There are standardized tests that can pinpoint gains or losses in student learning over time. An excellent one is NWEA’s MAP test (www.nwea.org), used by 1,200 school districts nationally. Like WKCE, MAP is a set of standardized tests that students take at least once a year. But unlike WKCE, MAP reveals where curriculum is effective and exposes where it is not, by measuring students’ growth over time—and comparing it against local and national norms--in subject areas, grade levels, quartiles, and ethnic groups. MAP, unlike WKCE, can be used to gauge program effectiveness, because it is measures growth over time, and not merely current proficiency.

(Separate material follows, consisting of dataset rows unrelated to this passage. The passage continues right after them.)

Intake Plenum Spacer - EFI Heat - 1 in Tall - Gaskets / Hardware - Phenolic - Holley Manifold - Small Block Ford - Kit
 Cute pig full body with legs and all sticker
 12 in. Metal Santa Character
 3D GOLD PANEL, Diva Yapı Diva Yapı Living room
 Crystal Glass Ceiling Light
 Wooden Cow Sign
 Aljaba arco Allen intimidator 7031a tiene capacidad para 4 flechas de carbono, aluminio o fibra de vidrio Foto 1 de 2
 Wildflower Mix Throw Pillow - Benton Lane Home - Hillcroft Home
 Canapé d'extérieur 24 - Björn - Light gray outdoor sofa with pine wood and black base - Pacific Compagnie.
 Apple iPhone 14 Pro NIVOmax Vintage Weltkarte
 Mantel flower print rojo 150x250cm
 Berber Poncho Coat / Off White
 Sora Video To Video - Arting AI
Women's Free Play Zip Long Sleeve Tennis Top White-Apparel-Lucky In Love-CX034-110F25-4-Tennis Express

Currently 70 districts in Wisconsin use MAP, including Monona Grove and several other Madison suburban districts. I anticipate that MMSD would be reluctant to adopt MAP, in part because it would mean even more testing. However, DPI could alleviate this by allowing districts to give MAP instead of WKCE.
DPI recently signed a 10-year contract with McGraw-Hill to provide the “state assessment” (the test Wisconsin schools use to show they are meeting the requirements of No Child Left Behind). This means that for the next 10 years, WKCE is the official Wisconsin No Child Left Behind test.
However, No Child Left Behind does not require states to choose a single test; only to develop an “assessment plan” that ensures that all students’ proficiency can be accurately determined. And Wisconsin statute authorizes the state superintendent to determine which test or tests can be used to determine proficiency. It is within the power of DPI to include alternatives to WKCE in its No Child Left Behind assessment plan. That is, DPI can approve alternative assessments, and then school districts could give MAP instead of WKCE.
DPI does not want to do this, because it would mean extra work for them and it would create risk for them by adding one more thing to Wisconsin’s assessment plan that might get rejected by the feds. DPI’s official position is that MAP is great for measuring growth but no good for determining proficiency as defined by USDOE, and they have discouraged us at Monona Grove from trying to get MAP approved as an alternative state assessment.
So I think the battle, if anyone is interested in joining it, is on two fronts—one, convincing officials at MMSD of the need to give a test that measures academic growth over time, and two, pushing DPI to approve MAP as an alternative state assessment. This would make it possible for MMSD and all Wisconsin schools to give a single test to satisfy the feds while measuring student growth.
Until we start giving tests that accurately show where students are gaining academically and where they are stalling, MMSD officials will be able to believe whatever they want to about the effectiveness of their programs, because no one will have a way to substantiate or refute their claims.